PENROSE MEDAL LECTURE


BURCHFIEL, B. Clark, Earth, Atmospheric, and Planetary Sciences, Massachusetts Institute of Technology, 1010 Green Building, Cambridge, MA 02139, bcburch@MIT.EDU

During the past 50 years my interests have changed greatly from one who was only interested in surfing and athletics to a long and rewarding career in the Earth Sciences. The first major step was my acceptance to Stanford, but a football scholarship. During my second year at Stanford I came in contact with marvelous and inspirational teachers and mentors that changed my entire view of academics. They led me to see the excitement in geology and particularly gave their time to show the possibilities to work in the field to unravel the complexity of crustal history, and I have been hooked ever since.

Through one of my Stanford mentors, Dr. Hubert Schenk, I was accepted to Yale for a PhD, where working with John and one year with S. W. Carey my horizon changed to one of global tectonics, but with a firm base in field geology. The Yale experience changed my future interests from a career in the oil industry to one in academics.

My first teaching position was at Rice University, a wonderful and supportive environment for a beginning career. There was strong support for my projects from the University (very early days of NSF). With great students many projects in the Western United States were completed. But acceptance to attend the First Foreign Field Conference sponsored by the NSF to the Alps in 1962, my first trip abroad, was a major turning point in my career and opened my life-long interest in doing field work globally. In l967-68 I received a Guggenheim Fellowship to study in the Dinarides, but I also read extensively on the Alpine System of Eastern Europe and Turkey. This began my 40-year love affair with Eastern European and Turkish geology that continues today. At the same time I also had the opportunity to send a student to Scandinavia to work in the arctic Caledonides and that began a 25-year-long, 8-graduate-student, project making a cross section across the orogen.

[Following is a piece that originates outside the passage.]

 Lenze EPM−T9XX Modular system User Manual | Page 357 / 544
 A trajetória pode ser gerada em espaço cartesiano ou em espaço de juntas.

In 1980, through contacts made by Peter Molnar, I had the opportunity to begin geological studies in China that have developed into a 30-year love affair with Asian geology. By 1977 I had moved to MIT where combining field geology in China into multidisciplinary studies changed and continues to change my geological thought processes.

None of this would have been possible without great teaching and mentoring, the association with outstanding graduate students and wonderful colleagues.